1月3日のNYTのフリードマン氏のコラムですが、アイオワで行われた共和党の予備選挙のディベートを「みていて楽しい」と皮肉り、「もうひとつは政治家が21世紀の雇用創出からいかにかけ離れたところで議論しているか」と指摘していました。
So Much Fun. So Irrelevant. http://nyti.ms/x6H7n7
彼のポイントは、「アメリカは高度化し、雇用の創出のIT等の産業が牽引している。この知識経済をより拡大するには、優秀な人材を都市部に集積させイノベーションを促進させる必要がある。そのためには、地方や田舎に遅いインターネットを引くよりも、都市部に最高速のネット環境を提供する必要がある」という点です。
米の大統領予備選は、アイオワ→ニューハンプシャー→サウスキャロライナ→フロリダ等の流れで進んでいき、3月6日にスーパー・チューズデーと呼ばれる10州同時投票があり(詳細は→http://bit.ly/wVYjlQ)、そして4月24日にニューヨーク、6月5日にカリフォルニアの巨大州の投票が行われます。
アイオワやニューハンプシャーで予備選が行われるのが、小規模州のため各候補が地元密着の選挙を行うことが出来るためで、草の根民主主義を実践する良い機会なのです。しかしながら、問題点は以下の通りです。
- 人種多様性が反映されにくい:アイオワ、ニューハンプシャーともに白人が圧倒的に多い州で、マイノリティ比率は11.3%、7.7%と非常に低い(アメリカのマイノリティ比率は36.3% -11頁参照 http://1.usa.gov/ze6cPM)。白人中心の州(=保守的+信仰深い)の場合は重要な議題の移民や中絶問題については明らかにコンサバ候補のほうに有利になります。
- 都市部の意見が反映されにくい:2000年の都市部人口比率は米平均で79.0%でした。アイオワ61.1%、ニューハンプシャー59.3%で、両州ともに全米平均より都市化率が遅れた農業州です(http://1.usa.gov/wdH0p0参照)。よって、上記の都市への人口集積させ経済効率を高める議論よりも、農村部へのインフラ構築等が優先される方向にあります。予備選の次の州のサウスキャロライナも都市化率60%程度の州です。
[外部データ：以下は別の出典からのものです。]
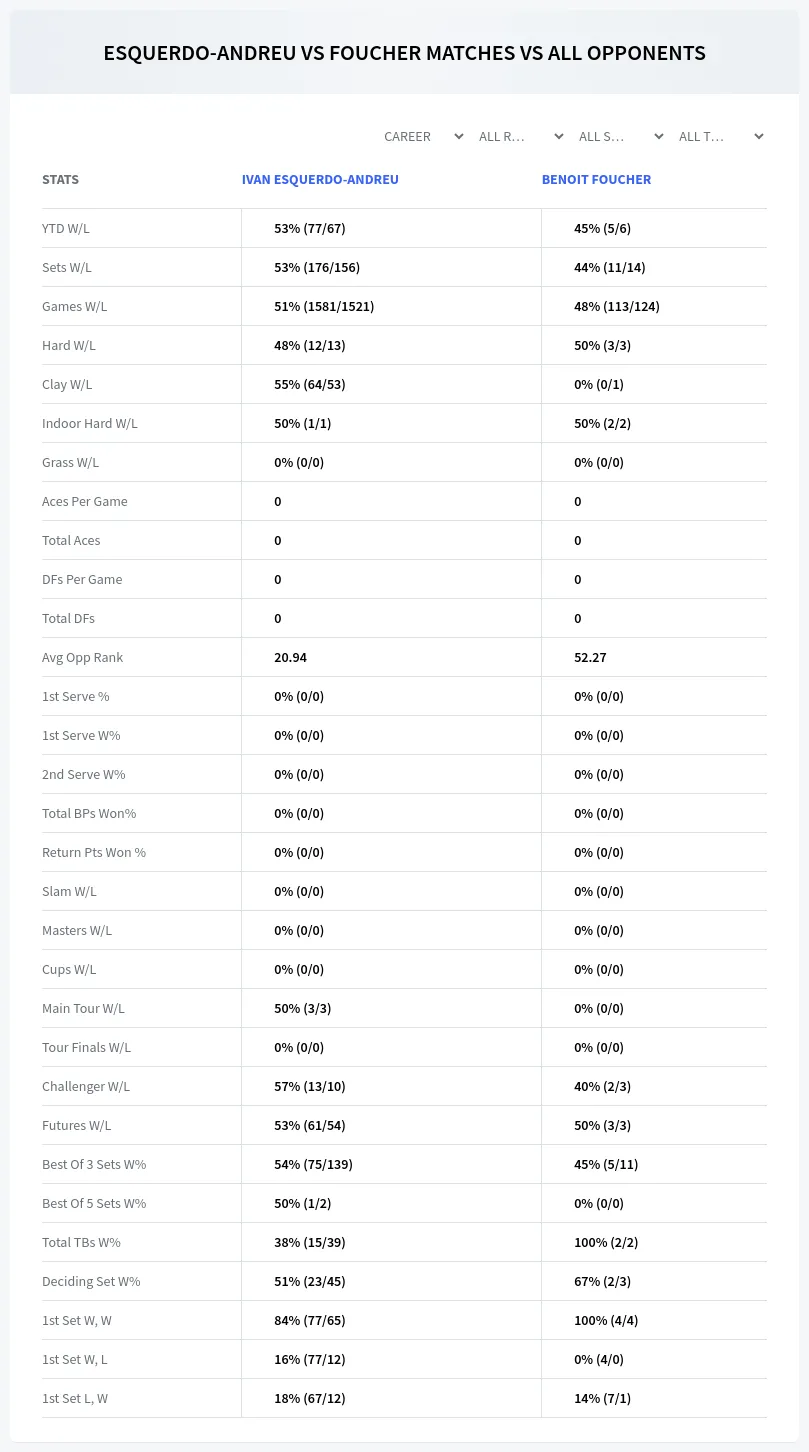 Benoit Foucher Ivan Esquerdo-Andreu Prediction Stats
- 都市圏の意見が反映されにくい:現在のアメリカ経済は「都市圏」が牽引しており、人口の84%、GDPの91%を占めます。そして市、郡、州という既存の枠を超えた都市圏単位でのプランニングが台頭してきています(http://bit.ly/vOirVb)。州内総生産における都市圏比率はアイオワで64%、ニューハンプシャーで71%で、これまた全米平均の91%より低いです(49頁&56頁参照 http://bit.ly/l8Wqmn)。
日本に大統領選があったとすると、予備選を鳥取→福井で行うようなイメージですかね。都市至上主義者のフリードマン氏の「もうひとつは政治家が21世紀の雇用創出からいかにかけ離れたところで議論しているか」という懸念もおわかりいただけると思います。
アメリカでも日本と同じように、巨大なニューヨーク都市圏を持つNY・NJ・CT州やLA・SFを抱えるCA州から、南部、中部や辺境の州への税収移転が行われています(州税に関する考察 http://bit.ly/V7itB)。僕も大統領予備選の仕組みを通して、アメリカの州制度の問題点や、都市圏を中心とした組み換えの必要性を実感しました。
日本も橋下市長の大阪市・府の改革が話題になっているので、道州制の導入を考えるにあたり、米の予備選や州制度はよい教材になるかと思います。
では、Happy Investing!!!!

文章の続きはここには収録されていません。